Polynomial Regression Analysis Example

Oftentimes we’ll encounter data where the relationship between the feature(s) and the response variable can’t be best described with a straight line. In these cases, we should use polynomial regression.

An example of a polynomial, coud be:

$3x^4 – 7x^3 + 2x^2 + 11$

Terminology

Degree of a polynomial: The highest power in polynomial. In our example, 4
Coefficient: Each constant (3, 7, 2, 11) in polynomial is a coefficient. In polynomial regression, these coefficients will be estimated
Leading term: The term with the highest power ( $3x^4$ ).
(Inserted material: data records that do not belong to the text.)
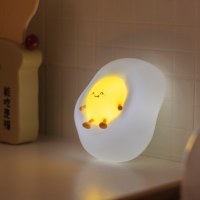 Lampe de chevet LED moderne et mignonne en forme d'œuf, avec contrôle tactile, veilleuse intelligente pour bébés et enfants, idéale pour la décoration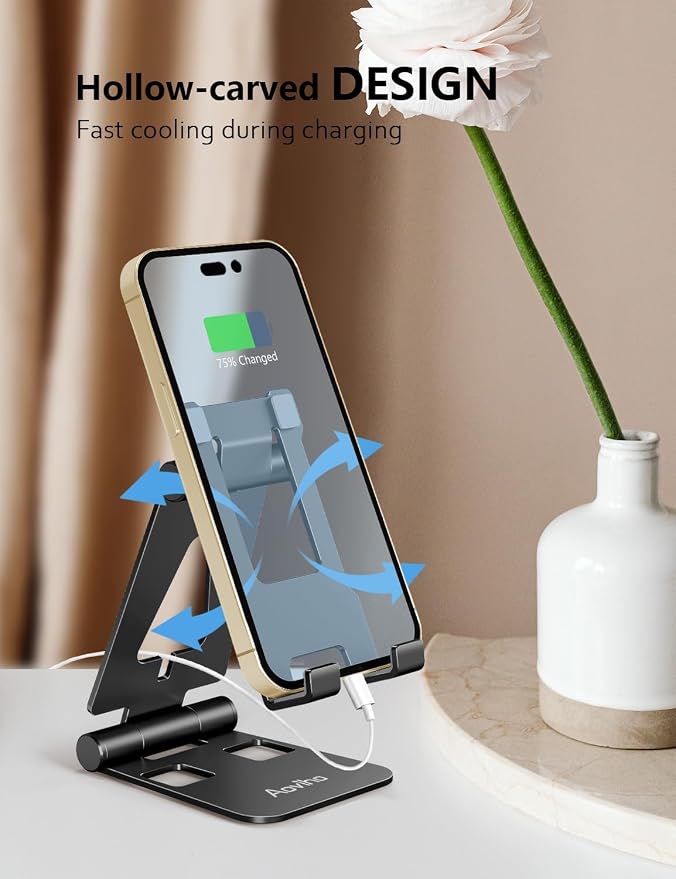 Aoviho Foldable Cell Phone Stand for Desk, Holder for iPhone,Black | Folds Flat for Easy Storage, Hands-Free Viewing, Fits iPhone 17/16/15 Series & Samsung Galaxy, Ideal for Office & Home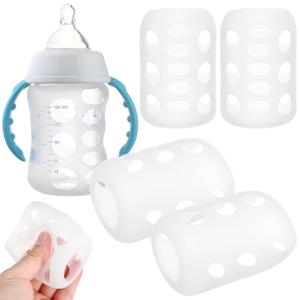 Kisangel 4Pc Silicone Baby Bottle Covers Protective Sleeves for Glass Bottles Nursery Feeding Bottle Cap Cover Shockproof Anti-Skid 3.34X2.24X2.24In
It determines the polynomial’s graph behavior
Leading coefficient: The coefficient of the leading term (3)
Constant term: The y intercept, it never changes: no matter what the value of x is, the constant term remains the same

The difference between linear and polynomial regression.

Let’s return to $ 3x4 - 7x3 + 2x2 + 11 $, if we write a polynomial’s terms from the highest degree term to the lowest degree term, it’s called a polynomial’s standard form.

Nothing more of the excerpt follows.